2016-06-22 data

The data pipeline: Data science doesn't mean data science (Part 1)

This post comprises Part 1 of a 3-part series on data science in name, theory and practice.

When I first began delving into data science, I had trouble figuring out where to start. NoSQL databases, Hadoop, machine learning - these are buzzwords thrown around the community yet none of them serve as useful entry points for beginners. Today’s post is the one I wish I had read when taking my first steps into data science.

One of the most important steps when studying a new field is to understand the jargon - the disciplinary-specific terms which abstract from otherwise complex concepts. But the jargon does not come easy: starting at the wrong end of the complexity spectrum can have you, for example, tackling number theory before you’ve finished algebra. As a result, determining the order in which to learn the terminology must necessarily precede a comprehension of that terminology.

Though “data science” has easily been the most popular term emerging from the 21st century data-related fields, it is by far the least accessible. Instead, I believe the data field is more intuitively segmented into four closely related, first-order terms, which I will attempt to define:

Data science: the implementation of advanced statistical concepts (eg. machine learning, Bayesian statistics, probability theory) primarily using modern software and (often big) data. As the engineer Josh Wills tweeted, data scientists are better statisticians than most programmers and better programmers than most statisticians.
Data analysis: the analysis of business and research questions using database querying (eg. SQL), data wrangling, intermediate statistics, problem-solving skills, domain experience and a knack for seeing the big picture. Data analysts are generalists (like business analysts and management consultants) while data scientists are typically specialists (like mathematicians and statisticians).
Data engineering: the extraction, validation and transformation of data, as well as the design of database architecture.
Big data (related, though orthogonal): the use of distributed computing to analyze massive datasets which cannot be processed on a single workstation or server.

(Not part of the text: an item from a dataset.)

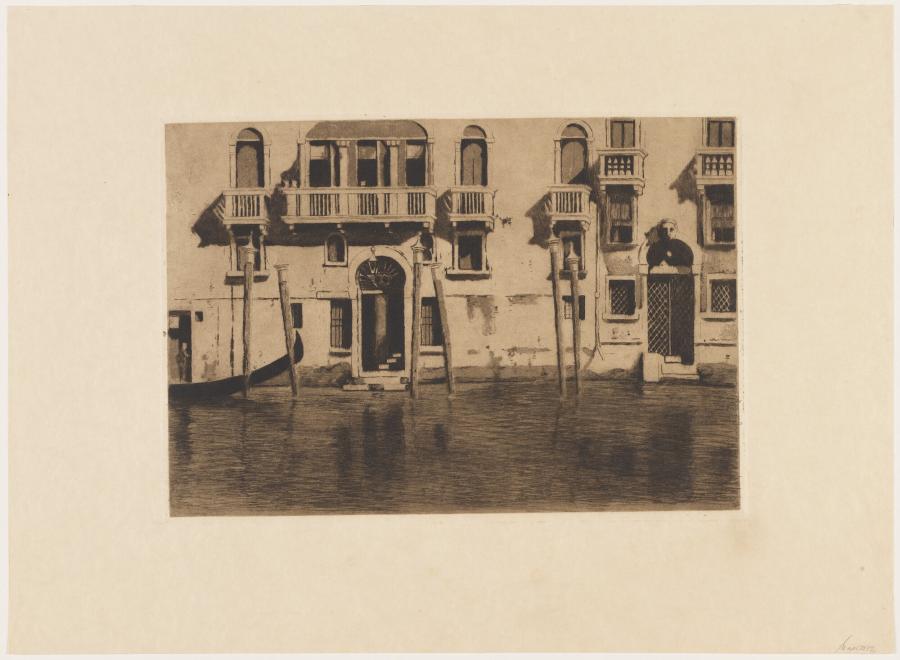 Houses with Six Bollards, Venice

You’ll notice there’s currently no single term, no field of study, no academic department, which unifies these terms. And yet, they should be studied in unison: any project which gathers data and tests hypotheses necessitates them. Absent any overarching field name, a data practitioner must traverse nominally discrete fields, each of which imply a considerable degree of specialty.

“Data science” is the most natural name for this field. Though fields like “information science” and “political science” are broad, “data science,” as it is popularly defined, is uniquely and unfortunately narrow. This is problematic because general fields typically serve as a roadmap for all subfields - a cursory glance at what they are and how they relate. “Data science” today does not provide this roadmap.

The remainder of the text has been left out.